La “voluntad general” de Rousseau
Esto no tiene un valor meramente simbólico. La prioridad de la persona sobre el derecho está cargada de consecuencias: «El derecho constitucional estadounidense - explica de nuevo Carozza - no tiene ninguna pretensión de definir la sociedad y la persona en sus mínimos detalles, ni pretende controlar y reglamentar cualquier aspecto individual de la vida. Y esta idea encuentra un reflejo evidente en la Constitución, que lo único que prohibe de forma expresa es la esclavitud. Por el contrario, percibo una tentación “totalizante” en el debate sobre la Constitución europea, porque existe la tentación de plantearla como modelo general de convivencia entre las personas. Esto sucede porque en Europa es todavía demasiado fuerte la referencia a la “voluntad general” de Jean-Jacques Rousseau. Para los norteamericanos, por el contrario, Rousseau representa la tentación más evidente de una posible dictadura liberal, que es la dictadura de la mayoría y del derecho sobre la persona».

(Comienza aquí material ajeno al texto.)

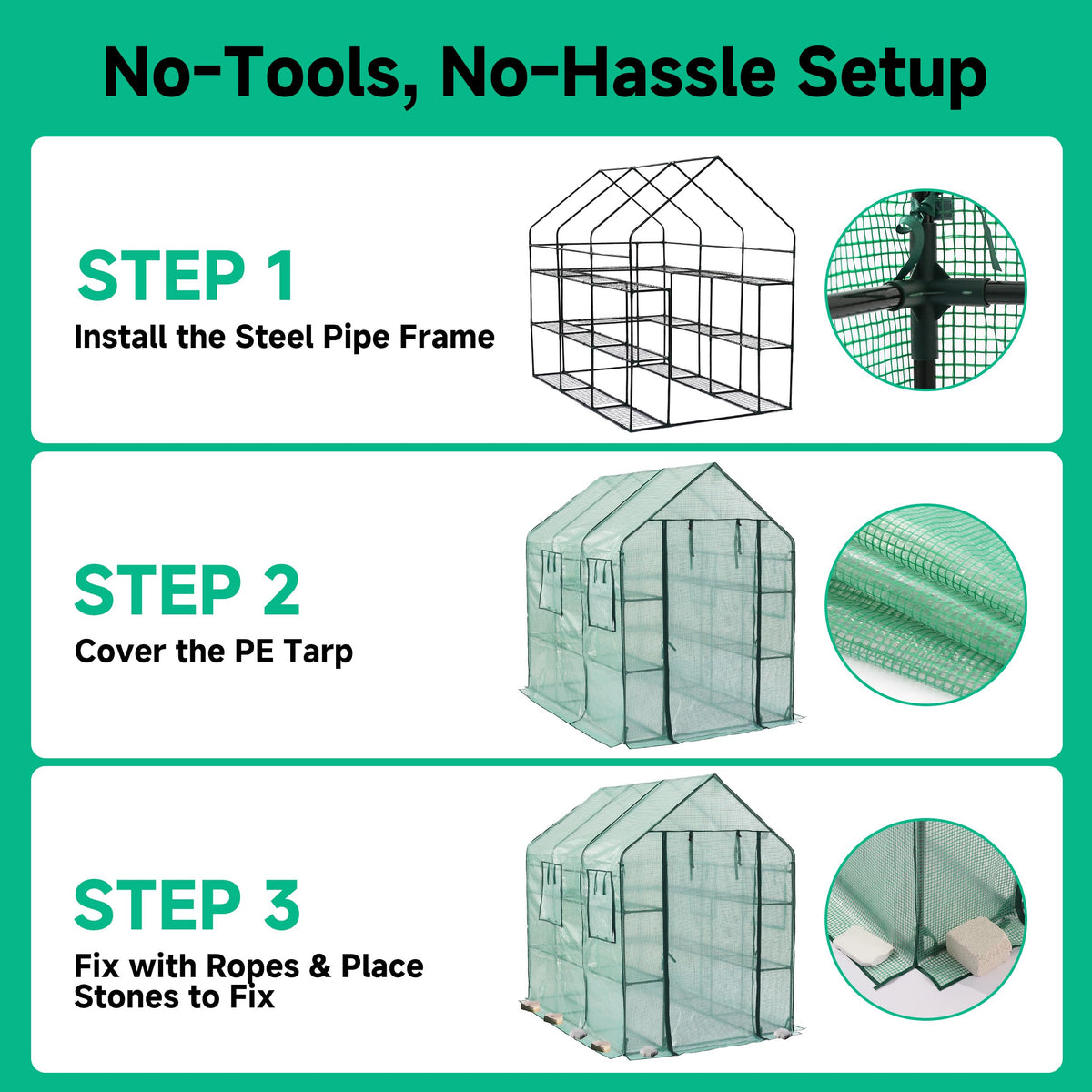 SUNGIFT portable setup with tool-free assembly for fast relocation.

Los engaños ideológicos de los ideales
Son palabras que suenan un poco estridentes, pero que son terriblemente realistas, pues cualquier ideal humano, incluso el más bello y perfecto, esconde también engaños si se tergiversa ideológicamente. Y esto vale en primer lugar para Estados Unidos. Detrás de la centralidad del “yo” se esconde el límite más grande que existe en el mundo americano: el del individualismo. «La tradición cristiana y europea - explica Carozza glosando una reflexión de Giorgio Vittadini - nos ha enseñado a partir siempre del deseo y a unirnos para responder a las necesidades que emergen del deseo de cada hombre. Nos ha educado, en definitiva, en la idea de la subsidiariedad que parte del “yo”, que se desarrolla en obras concretas y que sólo al final se traduce en una representación política, en una organización social, en un modelo de Estado. Esta reconstrucción, este reclamo al significado profundo de la idea de subsidiariedad es precisamente lo que en EEUU se da menos por descontado». Tan es así que la palabra “subsidiariedad” ni siquiera existe en el mundo académico estadounidense: se habla, eventualmente, de federalismo. Y entonces es como navegar contra corriente, pues la expresión de un “yo” en un “nosotros” se convierte en lo más difícil, al estar inmersos en el mal de la cultura individualista normal. «En Estados Unidos el gran problema es que no se da por supuesto el paso del deseo de la persona, del primado del “yo” a la construcción de una economía ideal, de un bien común. Este es el motivo por el que la tradición cristiana que ha revivido Comunión y Liberación - la de la construcción de un pueblo como resultado del encuentro de una pluralidad de personas conscientes de su“yo” - en EEUU no va demasiado bien. Este es el riesgo americano: olvidar que el ideal de la subsidiariedad es el de dar un subsidium, una ayuda concreta, una asistencia a la persona, para evitar que en los momentos de dificultad sea destruida».

Europa existe si existe un pueblo
Esta misma crítica, pero por motivos distintos, puede hacerse al modelo de unificación europea sintetizado en el debate por la definición de una Constitución común. Y también en este punto las palabras de Carozza son contundentes: «Los gobiernos europeos y los burócratas de Bruselas parecen obsesionados por la necesidad de crear una Carta fundamental que sustituya a la vida de los pueblos europeos. La idea que tienen los constituyentes europeos es que el derecho constitucional puede crear el pueblo europeo. ¡Nada más peligroso! Si no existe antes un pueblo, si no existe un movimiento de educación que permita a los pueblos europeos sentirse un único pueblo, no existirá jamás Europa. La Constitución europea pretendería indicar también un ideal bueno de vida, de sociedad. Pero si estos ideales no nacen desde abajo, si no nacen de la vida de un pueblo, el riesgo de autoritarismo o incluso de totalitarismo es fortísimo. En Estados Unidos esto es absolutamente impensable. Lo que debe hacer una Constitución, en mi opinión como americano, es tan solo una cosa: defender la libertad de los individuos para que puedan seguir plenamente sus propios deseos. Por otra parte, nuestra tradición tiene su origen en la Declaración de Independencia de 1776, en donde se sanciona el derecho inalienable a la búsqueda de la felicidad».